→ **Supplied entries**:
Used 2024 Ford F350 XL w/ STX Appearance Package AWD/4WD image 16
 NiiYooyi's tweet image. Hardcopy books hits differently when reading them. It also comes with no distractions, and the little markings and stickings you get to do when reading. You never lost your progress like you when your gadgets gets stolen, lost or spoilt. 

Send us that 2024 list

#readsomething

...

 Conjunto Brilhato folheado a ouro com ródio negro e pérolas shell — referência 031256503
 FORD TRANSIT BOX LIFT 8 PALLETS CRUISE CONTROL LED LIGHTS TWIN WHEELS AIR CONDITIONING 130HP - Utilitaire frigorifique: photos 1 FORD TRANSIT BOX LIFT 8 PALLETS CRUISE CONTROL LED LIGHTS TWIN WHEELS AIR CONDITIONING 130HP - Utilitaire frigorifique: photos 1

---

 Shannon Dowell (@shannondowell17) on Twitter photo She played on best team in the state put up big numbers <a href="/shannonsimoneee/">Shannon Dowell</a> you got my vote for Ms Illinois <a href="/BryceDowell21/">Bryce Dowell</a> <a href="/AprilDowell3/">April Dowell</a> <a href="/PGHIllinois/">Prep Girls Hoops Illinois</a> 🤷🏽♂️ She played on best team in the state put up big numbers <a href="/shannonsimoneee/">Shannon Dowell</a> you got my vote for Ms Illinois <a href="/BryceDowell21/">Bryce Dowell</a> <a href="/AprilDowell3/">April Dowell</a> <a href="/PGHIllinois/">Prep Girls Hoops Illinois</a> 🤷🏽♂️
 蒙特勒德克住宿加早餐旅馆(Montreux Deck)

→ **Task goal**: Scan the material above for lines that contain the string "image", and copy each such line.

→ **Task result**:
Used 2024 Ford F350 XL w/ STX Appearance Package AWD/4WD image 16
 NiiYooyi's tweet image. Hardcopy books hits differently when reading them. It also comes with no distractions, and the little markings and stickings you get to do when reading. You never lost your progress like you when your gadgets gets stolen, lost or spoilt. 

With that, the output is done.